- **WHAT TO WORK ON**:
There are pictures in the records below; leave them out and set down exactly the lines from the one holding "Diesel logo-embroidered baseball cap - Green" through the one holding "Frank Lloyd Wright®".

=== EXTRACTED DATA ===

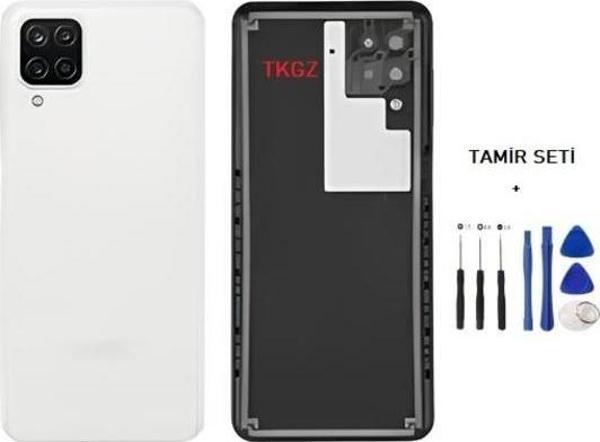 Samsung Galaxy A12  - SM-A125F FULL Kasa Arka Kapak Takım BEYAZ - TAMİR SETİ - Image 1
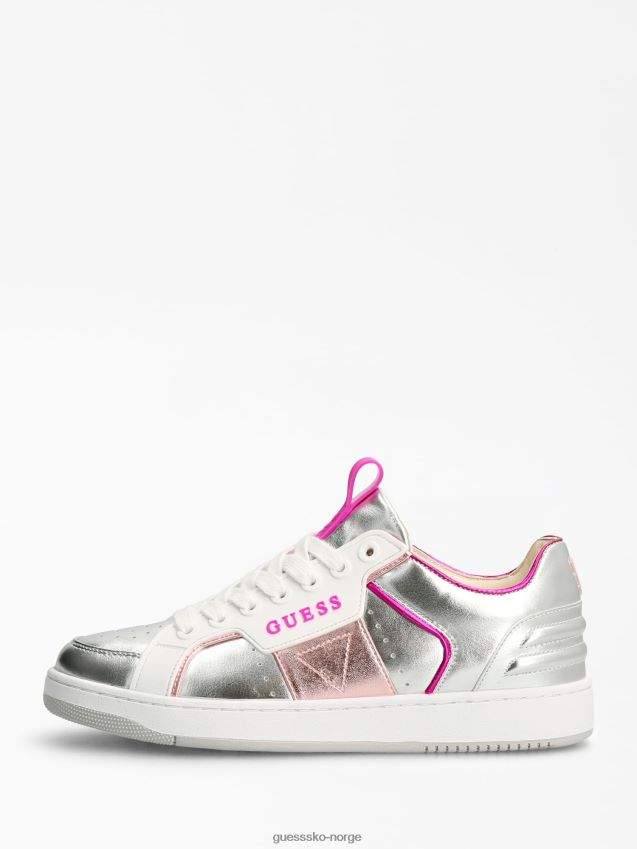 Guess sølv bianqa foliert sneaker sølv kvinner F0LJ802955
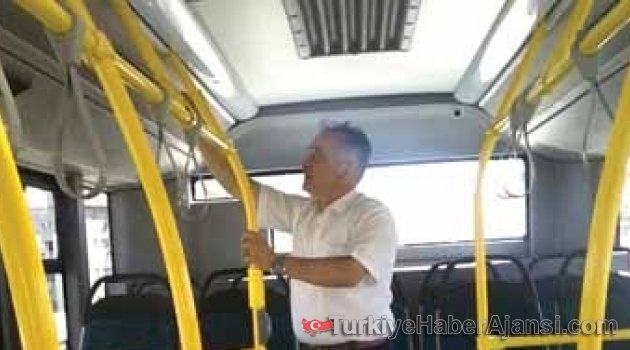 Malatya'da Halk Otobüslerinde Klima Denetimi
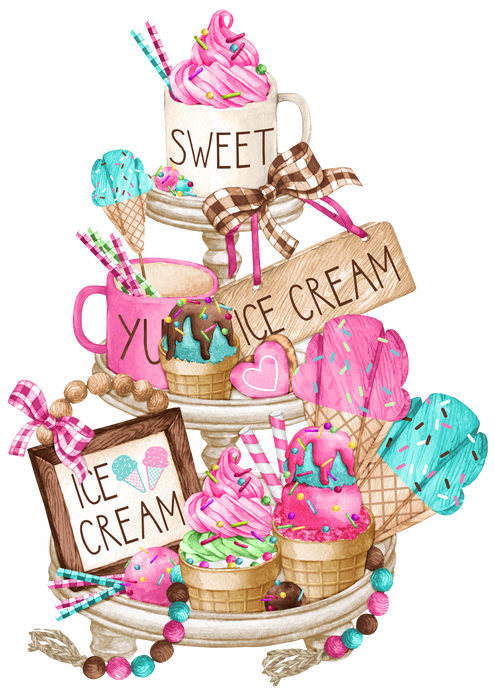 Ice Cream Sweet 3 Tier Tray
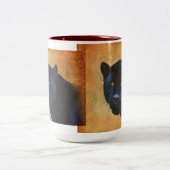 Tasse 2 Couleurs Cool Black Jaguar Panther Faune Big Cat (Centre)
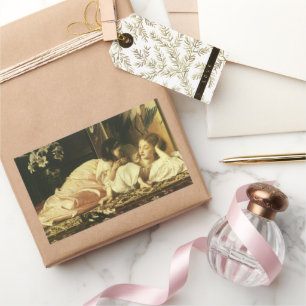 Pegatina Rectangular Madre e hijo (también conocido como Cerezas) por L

===
=== EXTRACTED DATA ===

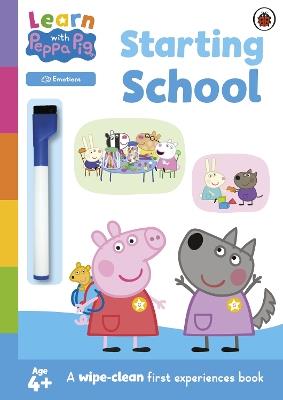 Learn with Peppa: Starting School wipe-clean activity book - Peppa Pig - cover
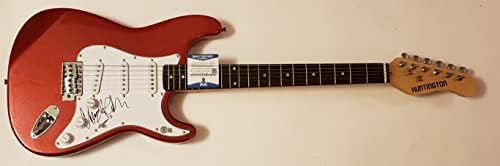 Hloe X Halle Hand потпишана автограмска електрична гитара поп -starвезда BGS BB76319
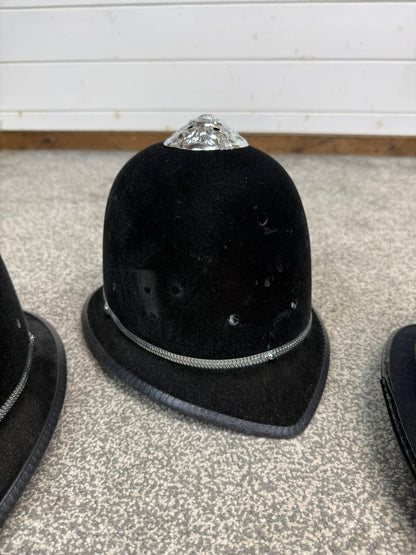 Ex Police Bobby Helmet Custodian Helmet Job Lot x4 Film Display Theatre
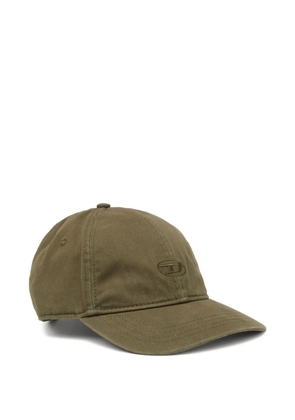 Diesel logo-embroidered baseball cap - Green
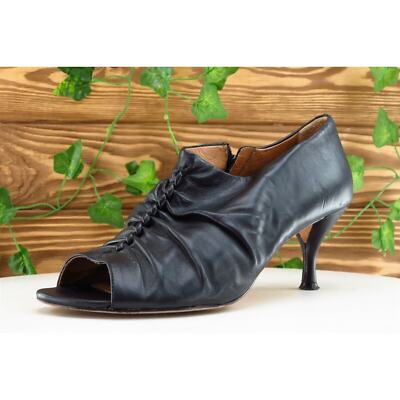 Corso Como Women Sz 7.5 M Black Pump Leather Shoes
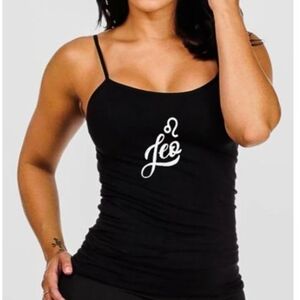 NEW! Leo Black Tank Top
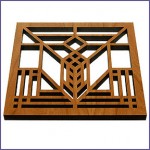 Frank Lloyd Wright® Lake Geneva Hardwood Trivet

===

- **RESPONSE AREA**:
 Diesel logo-embroidered baseball cap - Green
 Corso Como Women Sz 7.5 M Black Pump Leather Shoes
 NEW! Leo Black Tank Top
 Frank Lloyd Wright® Lake Geneva Hardwood Trivet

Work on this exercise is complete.